Transcribe word for word the lines below from the line with "Friedersried, kath. Pfarrkirche" through the line with "Mazda 2 - 11", ends included.

- **DATASET**
-- Opening Marker --

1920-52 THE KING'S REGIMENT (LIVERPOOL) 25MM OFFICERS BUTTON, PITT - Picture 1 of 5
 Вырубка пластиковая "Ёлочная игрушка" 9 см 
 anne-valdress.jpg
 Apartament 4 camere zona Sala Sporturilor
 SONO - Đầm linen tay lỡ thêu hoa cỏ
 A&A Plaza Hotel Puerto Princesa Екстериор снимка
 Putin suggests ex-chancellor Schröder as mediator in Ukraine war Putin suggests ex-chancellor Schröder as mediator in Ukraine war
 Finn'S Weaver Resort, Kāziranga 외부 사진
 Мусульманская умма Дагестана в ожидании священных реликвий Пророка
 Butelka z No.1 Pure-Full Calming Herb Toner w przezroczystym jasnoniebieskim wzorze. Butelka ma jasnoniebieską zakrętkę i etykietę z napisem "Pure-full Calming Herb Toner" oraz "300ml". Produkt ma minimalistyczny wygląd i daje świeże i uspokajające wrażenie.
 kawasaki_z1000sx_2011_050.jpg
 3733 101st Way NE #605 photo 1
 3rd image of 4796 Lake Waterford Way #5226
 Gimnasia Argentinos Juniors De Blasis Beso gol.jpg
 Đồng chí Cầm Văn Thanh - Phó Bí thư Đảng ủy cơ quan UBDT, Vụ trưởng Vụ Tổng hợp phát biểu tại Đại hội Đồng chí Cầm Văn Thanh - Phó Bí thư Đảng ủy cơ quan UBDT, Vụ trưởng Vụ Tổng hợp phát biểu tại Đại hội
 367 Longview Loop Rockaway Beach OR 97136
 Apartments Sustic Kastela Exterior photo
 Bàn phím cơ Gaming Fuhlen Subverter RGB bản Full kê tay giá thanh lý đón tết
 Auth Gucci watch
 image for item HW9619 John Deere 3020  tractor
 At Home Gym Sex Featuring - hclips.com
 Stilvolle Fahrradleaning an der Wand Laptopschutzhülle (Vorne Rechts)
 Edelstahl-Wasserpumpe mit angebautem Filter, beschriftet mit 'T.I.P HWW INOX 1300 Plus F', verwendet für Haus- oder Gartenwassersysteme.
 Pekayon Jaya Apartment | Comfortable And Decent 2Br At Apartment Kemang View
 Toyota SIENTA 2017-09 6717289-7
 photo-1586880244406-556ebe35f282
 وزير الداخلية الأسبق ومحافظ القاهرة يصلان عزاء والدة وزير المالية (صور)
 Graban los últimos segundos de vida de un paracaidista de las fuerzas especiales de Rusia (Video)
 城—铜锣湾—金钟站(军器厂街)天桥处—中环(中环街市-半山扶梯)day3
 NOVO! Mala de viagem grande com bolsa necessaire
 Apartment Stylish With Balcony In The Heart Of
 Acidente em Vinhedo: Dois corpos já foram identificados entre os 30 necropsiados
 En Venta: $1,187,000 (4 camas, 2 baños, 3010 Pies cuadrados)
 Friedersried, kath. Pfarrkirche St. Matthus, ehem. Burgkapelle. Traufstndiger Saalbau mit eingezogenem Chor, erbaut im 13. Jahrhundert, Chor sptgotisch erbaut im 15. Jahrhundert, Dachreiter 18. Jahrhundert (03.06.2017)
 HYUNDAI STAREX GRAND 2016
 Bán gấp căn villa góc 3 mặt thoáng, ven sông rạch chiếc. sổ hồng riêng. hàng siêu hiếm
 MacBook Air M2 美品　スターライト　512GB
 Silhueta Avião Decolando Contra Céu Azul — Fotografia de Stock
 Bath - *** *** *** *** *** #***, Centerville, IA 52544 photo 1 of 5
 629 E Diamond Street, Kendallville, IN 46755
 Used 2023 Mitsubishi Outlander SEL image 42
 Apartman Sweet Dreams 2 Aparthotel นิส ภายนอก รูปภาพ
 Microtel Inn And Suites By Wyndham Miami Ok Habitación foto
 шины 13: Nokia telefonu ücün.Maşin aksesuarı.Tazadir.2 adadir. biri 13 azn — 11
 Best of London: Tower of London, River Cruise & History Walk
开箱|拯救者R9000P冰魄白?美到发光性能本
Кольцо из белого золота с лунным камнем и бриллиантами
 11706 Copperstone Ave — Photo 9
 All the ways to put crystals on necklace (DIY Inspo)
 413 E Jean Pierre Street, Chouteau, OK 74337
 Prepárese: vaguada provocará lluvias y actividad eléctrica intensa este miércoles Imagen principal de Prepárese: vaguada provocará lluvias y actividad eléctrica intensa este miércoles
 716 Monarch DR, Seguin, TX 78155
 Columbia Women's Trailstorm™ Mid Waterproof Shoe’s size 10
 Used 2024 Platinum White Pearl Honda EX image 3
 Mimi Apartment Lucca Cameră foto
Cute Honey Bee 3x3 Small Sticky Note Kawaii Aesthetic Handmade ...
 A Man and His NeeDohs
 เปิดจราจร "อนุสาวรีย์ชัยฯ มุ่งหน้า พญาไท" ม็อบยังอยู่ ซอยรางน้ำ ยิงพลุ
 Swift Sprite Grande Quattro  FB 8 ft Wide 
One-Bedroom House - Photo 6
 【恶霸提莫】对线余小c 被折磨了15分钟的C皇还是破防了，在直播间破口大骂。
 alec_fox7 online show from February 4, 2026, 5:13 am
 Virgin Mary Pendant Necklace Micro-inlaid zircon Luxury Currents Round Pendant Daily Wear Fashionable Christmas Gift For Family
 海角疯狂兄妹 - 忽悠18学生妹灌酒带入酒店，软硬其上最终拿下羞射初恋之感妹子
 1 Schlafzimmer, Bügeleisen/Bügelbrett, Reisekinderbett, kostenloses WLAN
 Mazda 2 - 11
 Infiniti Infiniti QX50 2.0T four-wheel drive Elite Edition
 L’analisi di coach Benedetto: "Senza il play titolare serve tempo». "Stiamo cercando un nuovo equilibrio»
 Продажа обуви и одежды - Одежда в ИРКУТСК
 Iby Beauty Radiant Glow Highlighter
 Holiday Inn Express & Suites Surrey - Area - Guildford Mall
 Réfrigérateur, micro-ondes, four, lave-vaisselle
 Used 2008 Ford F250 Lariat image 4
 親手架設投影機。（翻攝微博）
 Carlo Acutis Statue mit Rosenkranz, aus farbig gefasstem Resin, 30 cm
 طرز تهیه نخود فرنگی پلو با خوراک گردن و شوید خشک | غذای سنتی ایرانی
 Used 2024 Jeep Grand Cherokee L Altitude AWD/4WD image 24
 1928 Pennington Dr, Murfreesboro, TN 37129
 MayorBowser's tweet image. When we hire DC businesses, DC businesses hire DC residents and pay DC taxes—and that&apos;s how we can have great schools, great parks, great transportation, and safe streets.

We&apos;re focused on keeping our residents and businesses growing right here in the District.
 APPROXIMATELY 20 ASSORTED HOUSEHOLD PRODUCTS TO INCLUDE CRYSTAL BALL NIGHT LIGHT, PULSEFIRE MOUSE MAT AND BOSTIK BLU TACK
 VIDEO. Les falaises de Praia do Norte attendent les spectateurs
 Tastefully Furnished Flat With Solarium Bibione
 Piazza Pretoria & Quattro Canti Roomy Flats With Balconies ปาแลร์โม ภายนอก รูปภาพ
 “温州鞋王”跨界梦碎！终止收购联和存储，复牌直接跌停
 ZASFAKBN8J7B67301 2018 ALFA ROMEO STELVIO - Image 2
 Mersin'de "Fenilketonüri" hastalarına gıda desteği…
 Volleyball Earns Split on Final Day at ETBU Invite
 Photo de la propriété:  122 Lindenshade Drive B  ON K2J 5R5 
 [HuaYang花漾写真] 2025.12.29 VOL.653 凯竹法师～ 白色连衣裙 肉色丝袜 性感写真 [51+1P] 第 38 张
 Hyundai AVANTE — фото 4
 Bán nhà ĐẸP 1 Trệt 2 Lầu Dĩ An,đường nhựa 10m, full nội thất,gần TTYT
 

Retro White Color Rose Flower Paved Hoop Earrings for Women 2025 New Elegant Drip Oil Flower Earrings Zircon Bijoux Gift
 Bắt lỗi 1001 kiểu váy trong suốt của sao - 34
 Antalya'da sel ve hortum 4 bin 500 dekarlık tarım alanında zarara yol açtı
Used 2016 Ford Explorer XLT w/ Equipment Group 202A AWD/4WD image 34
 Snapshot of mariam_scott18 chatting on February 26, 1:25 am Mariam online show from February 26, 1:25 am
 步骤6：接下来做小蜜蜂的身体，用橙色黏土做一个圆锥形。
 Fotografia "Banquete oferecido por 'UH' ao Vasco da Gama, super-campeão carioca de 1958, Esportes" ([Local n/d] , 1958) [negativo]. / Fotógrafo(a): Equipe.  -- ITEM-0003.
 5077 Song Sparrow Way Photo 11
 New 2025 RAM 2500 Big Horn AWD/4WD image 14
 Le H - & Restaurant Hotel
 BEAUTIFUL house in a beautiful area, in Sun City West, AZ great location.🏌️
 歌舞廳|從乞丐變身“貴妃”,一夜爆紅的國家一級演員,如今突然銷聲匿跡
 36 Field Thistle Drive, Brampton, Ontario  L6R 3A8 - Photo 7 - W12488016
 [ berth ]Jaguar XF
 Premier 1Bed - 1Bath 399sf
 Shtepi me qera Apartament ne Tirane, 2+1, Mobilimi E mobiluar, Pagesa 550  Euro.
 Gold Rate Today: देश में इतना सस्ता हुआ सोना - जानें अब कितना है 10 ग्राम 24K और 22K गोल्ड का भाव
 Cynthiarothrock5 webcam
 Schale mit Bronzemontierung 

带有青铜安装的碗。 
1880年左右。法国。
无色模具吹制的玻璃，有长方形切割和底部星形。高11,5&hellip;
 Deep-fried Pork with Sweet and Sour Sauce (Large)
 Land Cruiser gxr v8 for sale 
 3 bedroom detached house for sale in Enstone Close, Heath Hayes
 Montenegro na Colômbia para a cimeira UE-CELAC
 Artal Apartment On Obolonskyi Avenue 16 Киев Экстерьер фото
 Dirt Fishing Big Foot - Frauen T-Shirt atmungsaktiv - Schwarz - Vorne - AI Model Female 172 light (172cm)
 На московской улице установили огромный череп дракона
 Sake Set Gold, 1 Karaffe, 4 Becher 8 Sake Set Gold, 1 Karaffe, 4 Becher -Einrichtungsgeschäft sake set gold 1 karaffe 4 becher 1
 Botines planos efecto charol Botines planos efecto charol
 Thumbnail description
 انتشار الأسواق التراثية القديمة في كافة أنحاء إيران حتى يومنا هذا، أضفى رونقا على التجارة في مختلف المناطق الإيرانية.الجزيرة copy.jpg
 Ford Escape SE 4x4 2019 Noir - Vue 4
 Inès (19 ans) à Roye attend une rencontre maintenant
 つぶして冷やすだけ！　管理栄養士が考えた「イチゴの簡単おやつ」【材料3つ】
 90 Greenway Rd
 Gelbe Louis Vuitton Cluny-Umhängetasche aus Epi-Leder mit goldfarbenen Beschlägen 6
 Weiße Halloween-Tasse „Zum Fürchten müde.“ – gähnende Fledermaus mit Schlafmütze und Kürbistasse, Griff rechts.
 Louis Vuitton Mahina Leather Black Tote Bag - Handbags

-- Closing Marker --

- **EXERCISE ANSWER**
 Friedersried, kath. Pfarrkirche St. Matthus, ehem. Burgkapelle. Traufstndiger Saalbau mit eingezogenem Chor, erbaut im 13. Jahrhundert, Chor sptgotisch erbaut im 15. Jahrhundert, Dachreiter 18. Jahrhundert (03.06.2017)
 HYUNDAI STAREX GRAND 2016
 Bán gấp căn villa góc 3 mặt thoáng, ven sông rạch chiếc. sổ hồng riêng. hàng siêu hiếm
 MacBook Air M2 美品　スターライト　512GB
 Silhueta Avião Decolando Contra Céu Azul — Fotografia de Stock
 Bath - *** *** *** *** *** #***, Centerville, IA 52544 photo 1 of 5
 629 E Diamond Street, Kendallville, IN 46755
 Used 2023 Mitsubishi Outlander SEL image 42
 Apartman Sweet Dreams 2 Aparthotel นิส ภายนอก รูปภาพ
 Microtel Inn And Suites By Wyndham Miami Ok Habitación foto
 шины 13: Nokia telefonu ücün.Maşin aksesuarı.Tazadir.2 adadir. biri 13 azn — 11
 Best of London: Tower of London, River Cruise & History Walk
开箱|拯救者R9000P冰魄白?美到发光性能本
Кольцо из белого золота с лунным камнем и бриллиантами
 11706 Copperstone Ave — Photo 9
 All the ways to put crystals on necklace (DIY Inspo)
 413 E Jean Pierre Street, Chouteau, OK 74337
 Prepárese: vaguada provocará lluvias y actividad eléctrica intensa este miércoles Imagen principal de Prepárese: vaguada provocará lluvias y actividad eléctrica intensa este miércoles
 716 Monarch DR, Seguin, TX 78155
 Columbia Women's Trailstorm™ Mid Waterproof Shoe’s size 10
 Used 2024 Platinum White Pearl Honda EX image 3
 Mimi Apartment Lucca Cameră foto
Cute Honey Bee 3x3 Small Sticky Note Kawaii Aesthetic Handmade ...
 A Man and His NeeDohs
 เปิดจราจร "อนุสาวรีย์ชัยฯ มุ่งหน้า พญาไท" ม็อบยังอยู่ ซอยรางน้ำ ยิงพลุ
 Swift Sprite Grande Quattro  FB 8 ft Wide 
One-Bedroom House - Photo 6
 【恶霸提莫】对线余小c 被折磨了15分钟的C皇还是破防了，在直播间破口大骂。
 alec_fox7 online show from February 4, 2026, 5:13 am
 Virgin Mary Pendant Necklace Micro-inlaid zircon Luxury Currents Round Pendant Daily Wear Fashionable Christmas Gift For Family
 海角疯狂兄妹 - 忽悠18学生妹灌酒带入酒店，软硬其上最终拿下羞射初恋之感妹子
 1 Schlafzimmer, Bügeleisen/Bügelbrett, Reisekinderbett, kostenloses WLAN
 Mazda 2 - 11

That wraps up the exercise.